◆ **Provided data**:
━━━━

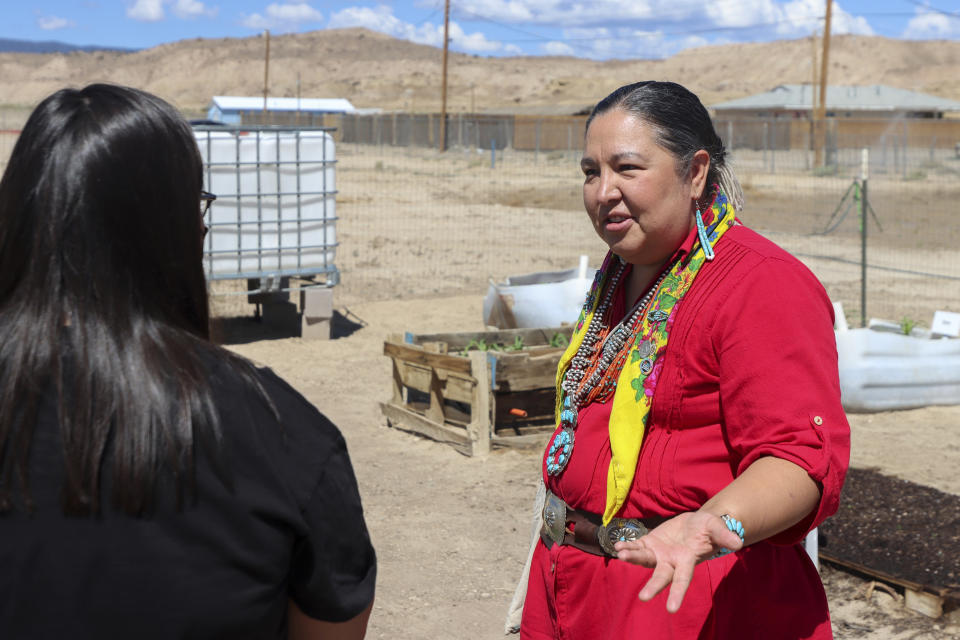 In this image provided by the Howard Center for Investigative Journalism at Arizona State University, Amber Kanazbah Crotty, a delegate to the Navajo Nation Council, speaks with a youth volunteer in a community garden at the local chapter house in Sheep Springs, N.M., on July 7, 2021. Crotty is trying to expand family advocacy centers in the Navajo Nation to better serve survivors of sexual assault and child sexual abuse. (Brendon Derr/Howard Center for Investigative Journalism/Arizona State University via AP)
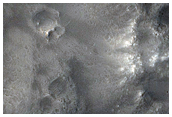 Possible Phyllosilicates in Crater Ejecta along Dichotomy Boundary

━━━━

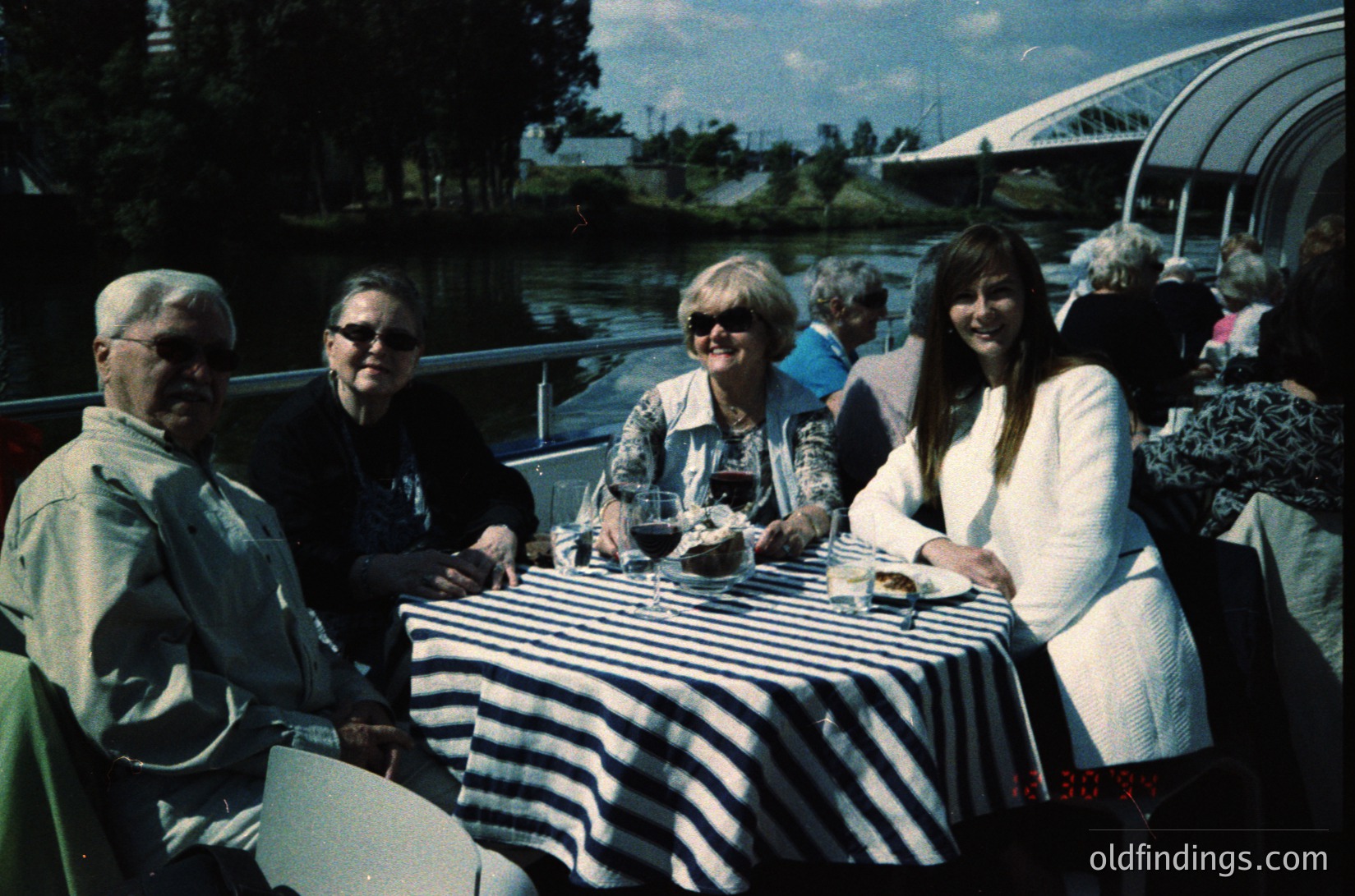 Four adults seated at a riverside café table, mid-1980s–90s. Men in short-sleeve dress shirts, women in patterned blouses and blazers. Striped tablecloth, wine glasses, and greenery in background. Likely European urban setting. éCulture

━━━━

◆ **What to work on**: Using the data above, give again exactly the lines starting at the one holding "In this image" and ending at the one holding "Possible Phyllosilicates in", inclusive, and nothing more. Omit the pictures.

◆ **Task output**:
 In this image provided by the Howard Center for Investigative Journalism at Arizona State University, Amber Kanazbah Crotty, a delegate to the Navajo Nation Council, speaks with a youth volunteer in a community garden at the local chapter house in Sheep Springs, N.M., on July 7, 2021. Crotty is trying to expand family advocacy centers in the Navajo Nation to better serve survivors of sexual assault and child sexual abuse. (Brendon Derr/Howard Center for Investigative Journalism/Arizona State University via AP)
 Possible Phyllosilicates in Crater Ejecta along Dichotomy Boundary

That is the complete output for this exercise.